0 Scenario

You have a Kafka cluster that you are either self managing or using a managed service that you are unhappy with, and you want to migrate it to managed Kafka service by Aiven. If this is generally what you are looking to do, then continue reading.

0.1 Source Kafka cluster

We are going to assume that the data from the source Kafka cluster is what you wish to migrate to the destination Kafka cluster by Aiven. We are also going to assume that the source Kafka cluster is used with Avro schemas utilizing the Schema registry, and the Amazon S3 sink Kafka connector. All events sourced to Kafka eventually make S3 as their final resting place for long term storage. We also assume that the producers and consumers to the source Kafka cluster do so over TLS encrypted channels, and further use secure HTTPS based basic authentication for interfacing with Schema registry, and Kafka connect.

0.2 Destination Kafka cluster

The destination is an Aiven for Kafka cluster with Avro schemas utilizing Schema registry with secure basic authentication over HTTPS, Amazon S3 sink Kafka connector, and produce and consume events over TLS encrypted channels.

0.3 Kafka MirrorMaker

Kafka MirrorMaker (v1.0) will be used to asynchronously replicate topic data from the source to the destination Kafka cluster. Kafka MM accomplishes it tasks over TLS encrypted channels (both with the source and the destination Kafka clusters).
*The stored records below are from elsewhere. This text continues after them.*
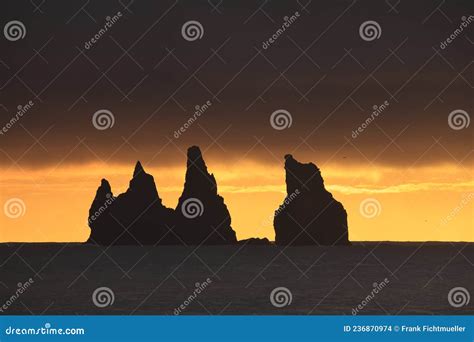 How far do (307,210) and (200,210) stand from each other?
2037 centimetres

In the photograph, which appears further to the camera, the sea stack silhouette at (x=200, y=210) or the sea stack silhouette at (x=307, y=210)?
the sea stack silhouette at (x=200, y=210)

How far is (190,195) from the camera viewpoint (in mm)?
138375

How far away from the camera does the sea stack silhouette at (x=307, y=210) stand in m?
134

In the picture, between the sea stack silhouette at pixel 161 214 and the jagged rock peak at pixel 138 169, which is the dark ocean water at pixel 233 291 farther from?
the jagged rock peak at pixel 138 169

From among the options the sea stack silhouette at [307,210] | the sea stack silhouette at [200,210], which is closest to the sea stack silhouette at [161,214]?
the sea stack silhouette at [200,210]

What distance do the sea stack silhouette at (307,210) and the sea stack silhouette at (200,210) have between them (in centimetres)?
1129

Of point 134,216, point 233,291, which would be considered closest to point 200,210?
point 134,216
1 Setting up the source Kafka cluster

We are going to assume that Schema registry, Kafka connect with Confluent’s Amazon S3 sink connector are available and setup in the source cluster. Note: not all of these components are necessary, but are shown for completeness since these components are used in the majority of deployment scenarios. You will also require Confluent platform which you can download for free from Confluent hub. At the time of this writing CP 5.3.1 was generally available. Note that for the purposes of this writing we will be using a source Kafka cluster deployed on Aiven.
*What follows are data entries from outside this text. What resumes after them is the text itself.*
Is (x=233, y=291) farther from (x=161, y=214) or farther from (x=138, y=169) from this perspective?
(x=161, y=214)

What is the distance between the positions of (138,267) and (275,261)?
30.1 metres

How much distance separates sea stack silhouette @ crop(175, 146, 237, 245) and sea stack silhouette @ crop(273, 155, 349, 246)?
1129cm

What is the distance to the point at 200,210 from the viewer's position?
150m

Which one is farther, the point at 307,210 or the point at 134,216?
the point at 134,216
For the purposes of this demonstration, we will use the topic called topic2 with topic replication factor of two (2), three (3) partitions, retention of 7 days and cleanup policy of delete

1.1 Setting up consumer

We will use avro-console-consumer to subscribe to events from topic2 topic with the following command line:

> /path/confluent-5.3.1/bin/kafka-avro-console-consumer --bootstrap-server source_kafka.aivencloud.com:kafka_port --topic topic2  --consumer.config /path/mirrormaker/source/kafka-source/avro-consumer.properties --property schema.registry.url=https://source_kafka.aivencloud.com:sr_port --property basic.auth.credentials.source=USER_INFO --property basic.auth.user.info=avnadmin:sr_pw --from-beginning

NOTE: “source_kafka”, kafka_port, sr_port, sr_pw, etc.can be obtained from the Aiven console

Consumer configuration properties

> cat source/kafka-source/avro-consumer.properties 
bootstrap.servers=source_kafka.aivencloud.com:kafka_port
security.protocol=SSL
ssl.truststore.location=/path/mirrormaker/source/kafka-source/client.truststore.jks
ssl.truststore.password=secret
ssl.keystore.type=PKCS12
ssl.keystore.location=/path/mirrormaker/source/kafka-source/client.keystore.p12
ssl.keystore.password=secret
ssl.key.password=secret
group.id=grp1
client.id=client1
key.deserializer=io.confluent.kafka.serializers.KafkaAvroDeserializer
value.deserializer=io.confluent.kafka.serializers.KafkaAvroDeserializer
enable.auto.commit=true

NOTE: “source_kafka” can be obtained from the Aiven console. Please refer to getting started guide for instructions on how to generate Java truststore and keystore

1.2 Setting up S3 sink connector

We will assume that the S3 or any other connector you wish to use is available in your Kafka setup. The following configuration will be used to setup the S3 sink connector.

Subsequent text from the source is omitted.